Der Sprecher der Republikaner, John Boehner, erkannte die Niederlage als erster an. Er versprach, die Abstimmung im Plenum des Repräsentantenhauses freizugeben. Die Ergebnisse lagen bei Redaktionsschluss noch nicht vor. Es galt jedoch als sicher, dass der Kompromiss rechtzeitig vor Ablauf der Frist um Mitternacht bei Präsident Obama zur Unterschrift vorliegt. Der Tea-Party-Flügel im Repräsentantenhaus schien zunächst nicht bereit, den Kampf aufzugeben. Denn: Während Boehner auf die Totalkapitulation im Showdown um Schuldendecke und Verwaltungsblockade zusteuerte, schmiedeten die Rechtspopulisten noch Pläne, wie sich das riskante Spektakel hinauszögern ließe. "Das ist ein willkürlich gewähltes Datum", spielte Steve King aus Iowa die Konsequenzen eines Verstreichens der Frist hinunter. Ted Yoho aus Florida meinte gar, ein Bankrott "bringt Stabilität auf die Weltmärkte".

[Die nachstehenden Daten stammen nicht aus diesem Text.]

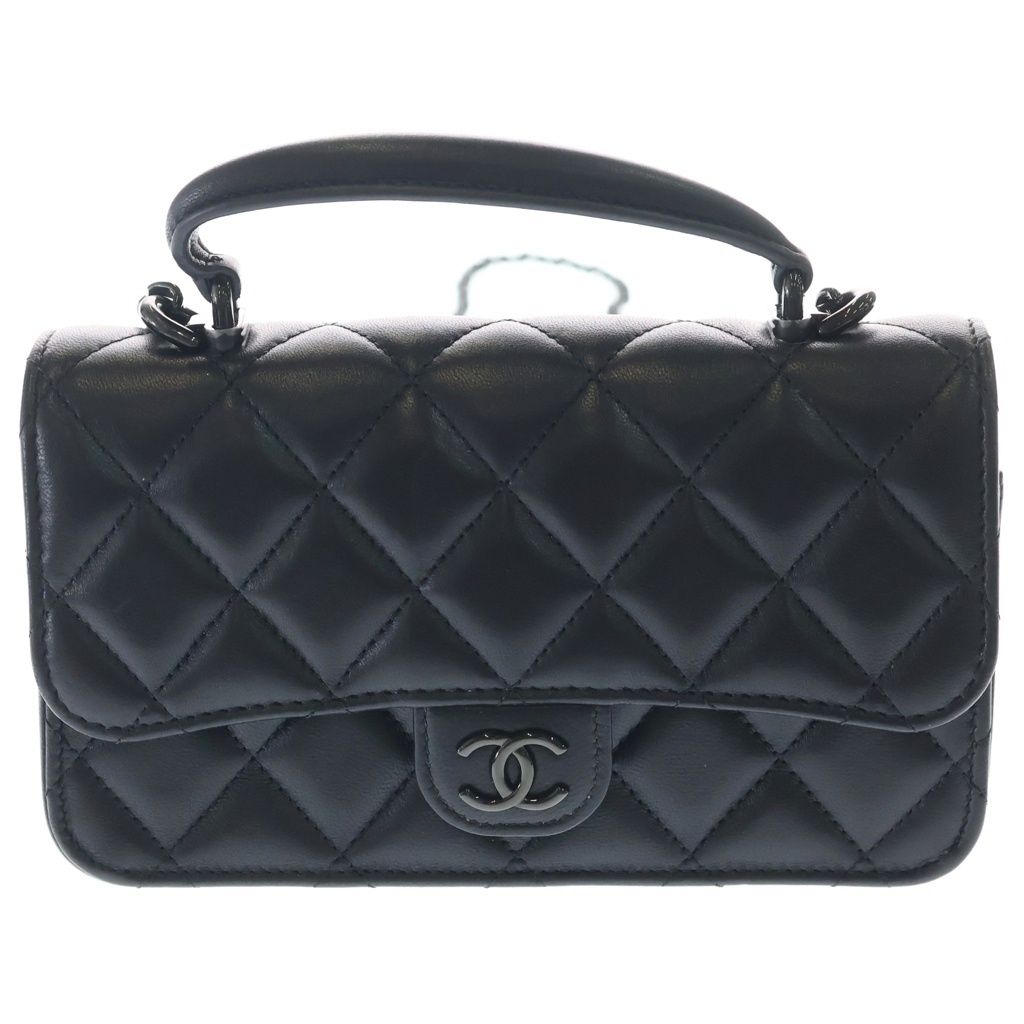 CHANEL (シャネル) マトラッセフラップフォンケース チェーン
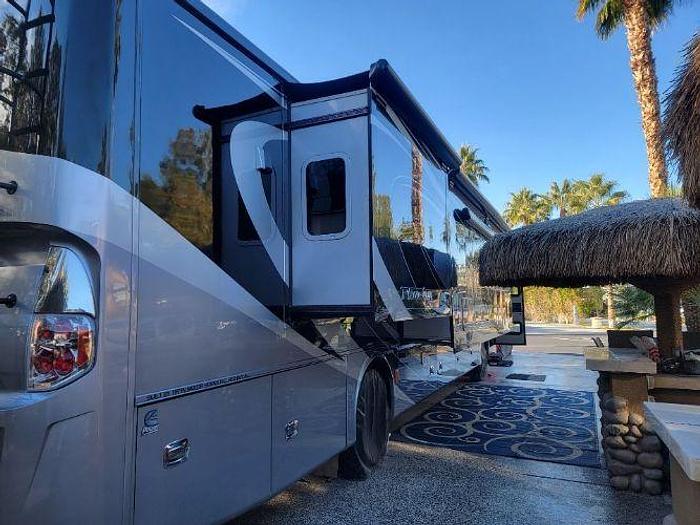 Used 2015 Tiffin Phaeton 40AH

Die Finanzwelt signalisierte etwas anderes. Die Ratingagentur Fitch warnte, die Dysfunktionalität in Washington könnte in einer Abstufung der Kreditwürdigkeit der USA führen. Die Leit-Indizies an den Börsen schlugen bei jedem neuen Funken Hoffnung auf eine rechtzeitige Einigung vor Erreichen der um Mitternacht ablaufenden Frist nach oben aus.

Senator Ted Cruz, der mit einem Redemarathon im Oberhaus vor fast drei Wochen den Startschuss zu dem Showdown gegeben hatte, backte gestern kleine Brötchen, nachdem er sich vorher noch konspirativ mit einer Gruppe von Tea-Party-Hardlinern aus dem Repräsentantenhaus in einem beliebten Mexikaner-Restaurant auf dem Capitol Hill getroffen hatte. Peinlicherweise erwischte der parlamentarische Geschäftsführer und Boehner-Vertraute Kevin McCarthy die Verschwörer im Keller des "Tortilla Coast".

Alte Hasen wie Senator John McCain hatten ihrer Partei schon vor Wochen davon abgeraten, mit der Aussicht auf einen Staatsbankrott Änderungen an der Gesundheitsreform des Präsidenten erzwingen zu wollen. McCain sah sich gestern bestätigt. "Die Situation ist sehr, sehr ernst", mahnte der Konservative Realismus an. "Die Republikaner müssen verstehen, dass wir diese Schlacht verloren haben."